Problem statement: Look through the material below and copy exactly the lines from the line with "女人什么年龄做比较好泰国试管婴儿,女人多大年龄适合做试管婴儿!" to the line with "Overview of the Quinchia Gold Project", those two lines included.

§ §

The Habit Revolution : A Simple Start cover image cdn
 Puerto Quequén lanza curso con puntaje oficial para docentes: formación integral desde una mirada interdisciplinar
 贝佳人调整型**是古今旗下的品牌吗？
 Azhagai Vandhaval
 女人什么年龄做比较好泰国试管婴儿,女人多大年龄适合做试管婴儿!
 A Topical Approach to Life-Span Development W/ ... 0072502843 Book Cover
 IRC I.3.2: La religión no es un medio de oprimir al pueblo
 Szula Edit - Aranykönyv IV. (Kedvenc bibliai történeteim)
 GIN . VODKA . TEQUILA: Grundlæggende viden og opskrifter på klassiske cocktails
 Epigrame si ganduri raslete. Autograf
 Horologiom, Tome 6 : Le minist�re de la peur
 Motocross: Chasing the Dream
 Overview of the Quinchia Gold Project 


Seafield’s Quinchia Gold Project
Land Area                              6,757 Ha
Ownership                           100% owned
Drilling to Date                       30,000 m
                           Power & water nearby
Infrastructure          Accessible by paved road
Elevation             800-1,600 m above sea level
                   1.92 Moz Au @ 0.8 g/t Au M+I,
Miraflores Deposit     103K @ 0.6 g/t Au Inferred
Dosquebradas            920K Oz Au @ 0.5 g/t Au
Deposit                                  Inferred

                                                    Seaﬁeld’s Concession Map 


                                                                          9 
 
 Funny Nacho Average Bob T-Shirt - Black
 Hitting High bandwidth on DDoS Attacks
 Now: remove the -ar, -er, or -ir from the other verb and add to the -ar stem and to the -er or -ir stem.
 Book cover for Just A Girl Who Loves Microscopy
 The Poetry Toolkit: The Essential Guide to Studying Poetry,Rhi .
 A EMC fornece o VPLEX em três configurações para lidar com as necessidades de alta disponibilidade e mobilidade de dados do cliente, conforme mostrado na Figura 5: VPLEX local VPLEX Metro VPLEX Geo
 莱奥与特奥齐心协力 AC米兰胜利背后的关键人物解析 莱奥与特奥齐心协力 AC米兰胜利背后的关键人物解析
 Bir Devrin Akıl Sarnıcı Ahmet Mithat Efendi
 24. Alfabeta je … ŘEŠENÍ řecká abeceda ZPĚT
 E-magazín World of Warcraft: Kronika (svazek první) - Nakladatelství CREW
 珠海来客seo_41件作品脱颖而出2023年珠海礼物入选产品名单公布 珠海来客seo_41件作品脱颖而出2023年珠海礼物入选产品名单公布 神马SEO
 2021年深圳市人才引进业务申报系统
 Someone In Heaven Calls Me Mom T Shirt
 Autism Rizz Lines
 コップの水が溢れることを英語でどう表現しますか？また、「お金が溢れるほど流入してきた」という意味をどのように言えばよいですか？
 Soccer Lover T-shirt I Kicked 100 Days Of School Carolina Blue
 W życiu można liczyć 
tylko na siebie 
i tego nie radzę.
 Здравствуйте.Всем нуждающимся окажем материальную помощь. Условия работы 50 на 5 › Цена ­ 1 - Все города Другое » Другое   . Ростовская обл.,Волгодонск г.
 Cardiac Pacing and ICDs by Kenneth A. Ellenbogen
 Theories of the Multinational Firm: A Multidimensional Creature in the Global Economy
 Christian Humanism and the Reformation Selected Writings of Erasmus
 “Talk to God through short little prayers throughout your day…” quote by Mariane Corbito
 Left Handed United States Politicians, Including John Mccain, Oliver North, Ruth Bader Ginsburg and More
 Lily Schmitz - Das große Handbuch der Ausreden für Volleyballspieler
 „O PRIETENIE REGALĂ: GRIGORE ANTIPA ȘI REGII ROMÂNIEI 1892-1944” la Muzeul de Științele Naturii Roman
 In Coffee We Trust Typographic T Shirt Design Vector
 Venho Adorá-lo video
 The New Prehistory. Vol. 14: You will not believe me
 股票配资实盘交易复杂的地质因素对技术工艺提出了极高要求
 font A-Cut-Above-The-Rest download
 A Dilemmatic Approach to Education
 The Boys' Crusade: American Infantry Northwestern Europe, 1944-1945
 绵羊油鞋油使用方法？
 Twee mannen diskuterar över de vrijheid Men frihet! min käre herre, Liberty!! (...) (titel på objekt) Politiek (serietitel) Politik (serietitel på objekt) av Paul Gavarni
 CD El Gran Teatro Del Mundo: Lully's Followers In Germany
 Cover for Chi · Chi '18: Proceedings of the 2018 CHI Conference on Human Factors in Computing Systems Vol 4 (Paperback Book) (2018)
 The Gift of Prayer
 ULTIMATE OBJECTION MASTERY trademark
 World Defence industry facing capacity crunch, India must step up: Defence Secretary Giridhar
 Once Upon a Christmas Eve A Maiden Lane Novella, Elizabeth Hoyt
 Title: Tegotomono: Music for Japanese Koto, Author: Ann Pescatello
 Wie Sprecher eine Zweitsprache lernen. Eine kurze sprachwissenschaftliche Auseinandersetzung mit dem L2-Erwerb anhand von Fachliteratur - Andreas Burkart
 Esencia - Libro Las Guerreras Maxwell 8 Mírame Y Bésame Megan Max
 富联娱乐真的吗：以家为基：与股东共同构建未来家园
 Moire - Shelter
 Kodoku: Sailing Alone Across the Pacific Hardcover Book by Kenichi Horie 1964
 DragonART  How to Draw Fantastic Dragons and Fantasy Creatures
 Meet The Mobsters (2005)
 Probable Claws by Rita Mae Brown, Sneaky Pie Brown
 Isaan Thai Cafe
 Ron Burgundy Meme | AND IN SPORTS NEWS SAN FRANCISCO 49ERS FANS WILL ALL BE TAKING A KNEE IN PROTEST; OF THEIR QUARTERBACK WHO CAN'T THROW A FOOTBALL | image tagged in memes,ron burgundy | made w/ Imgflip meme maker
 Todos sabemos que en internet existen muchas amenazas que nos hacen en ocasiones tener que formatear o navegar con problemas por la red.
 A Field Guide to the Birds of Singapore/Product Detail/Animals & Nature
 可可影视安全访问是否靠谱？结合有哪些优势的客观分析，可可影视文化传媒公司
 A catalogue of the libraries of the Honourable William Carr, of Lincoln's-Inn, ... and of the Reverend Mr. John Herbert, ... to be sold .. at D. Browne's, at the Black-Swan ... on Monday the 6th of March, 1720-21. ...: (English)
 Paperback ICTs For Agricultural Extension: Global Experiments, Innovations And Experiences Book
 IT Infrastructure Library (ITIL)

§ §

Reply to the exercise:
 女人什么年龄做比较好泰国试管婴儿,女人多大年龄适合做试管婴儿!
 A Topical Approach to Life-Span Development W/ ... 0072502843 Book Cover
 IRC I.3.2: La religión no es un medio de oprimir al pueblo
 Szula Edit - Aranykönyv IV. (Kedvenc bibliai történeteim)
 GIN . VODKA . TEQUILA: Grundlæggende viden og opskrifter på klassiske cocktails
 Epigrame si ganduri raslete. Autograf
 Horologiom, Tome 6 : Le minist�re de la peur
 Motocross: Chasing the Dream
 Overview of the Quinchia Gold Project 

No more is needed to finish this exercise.